• [How to complete this task]:
What are the lines below, starting at the line containing "Lộ địa chỉ nhà, Ronaldo" and ending at the line containing "Steering Column Cover"? Write them out exactly, ends included, without pictures.

• [Exercise data]:
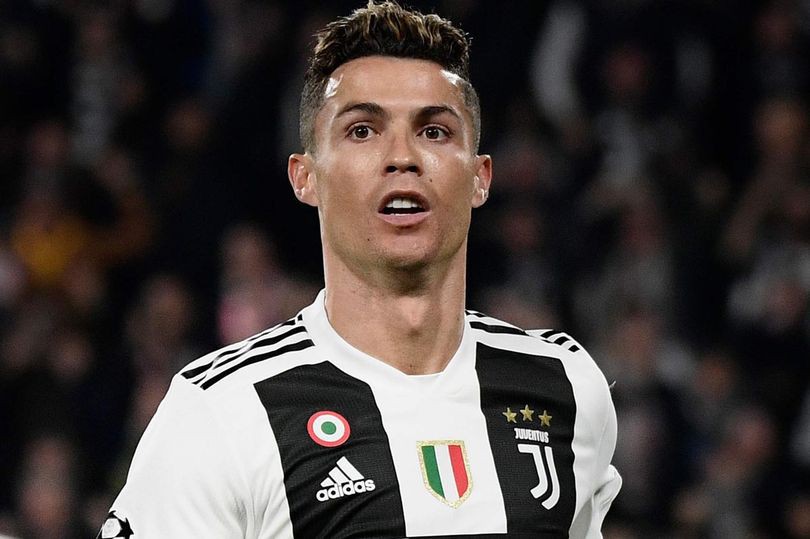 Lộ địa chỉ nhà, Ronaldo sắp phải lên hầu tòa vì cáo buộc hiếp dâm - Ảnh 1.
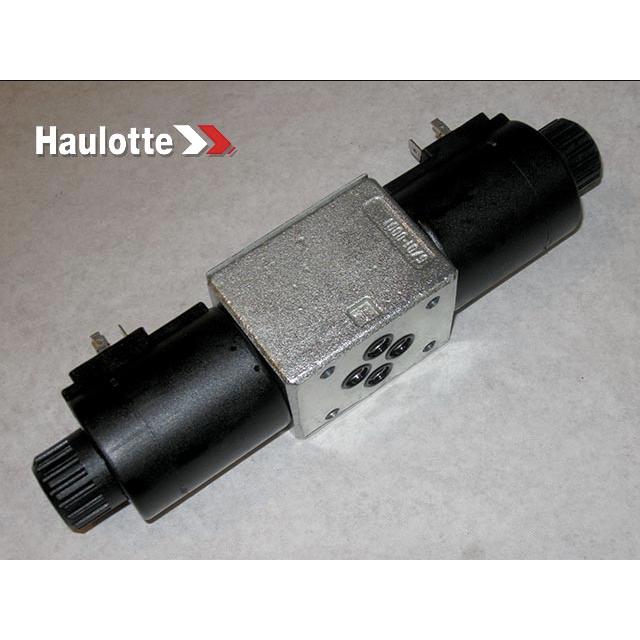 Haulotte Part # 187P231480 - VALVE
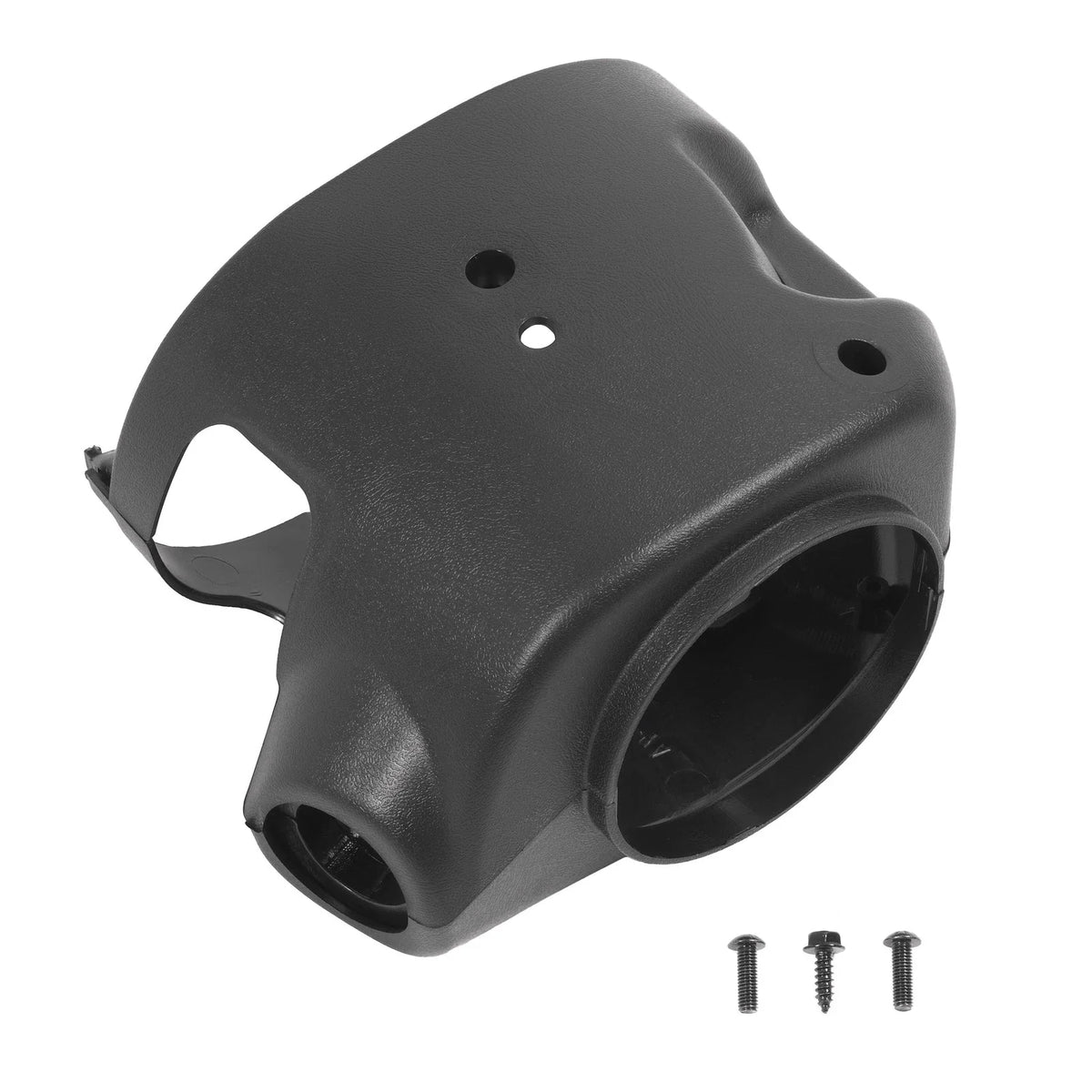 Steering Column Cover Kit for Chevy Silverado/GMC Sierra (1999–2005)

--

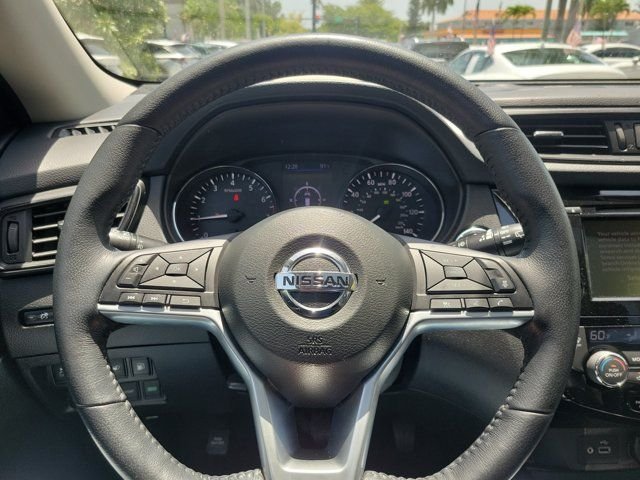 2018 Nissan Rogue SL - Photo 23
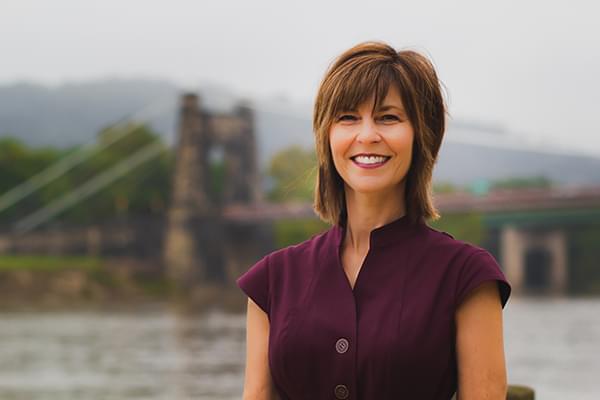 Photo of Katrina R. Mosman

• [Task answer]:
 Lộ địa chỉ nhà, Ronaldo sắp phải lên hầu tòa vì cáo buộc hiếp dâm - Ảnh 1.
 Haulotte Part # 187P231480 - VALVE
 Steering Column Cover Kit for Chevy Silverado/GMC Sierra (1999–2005)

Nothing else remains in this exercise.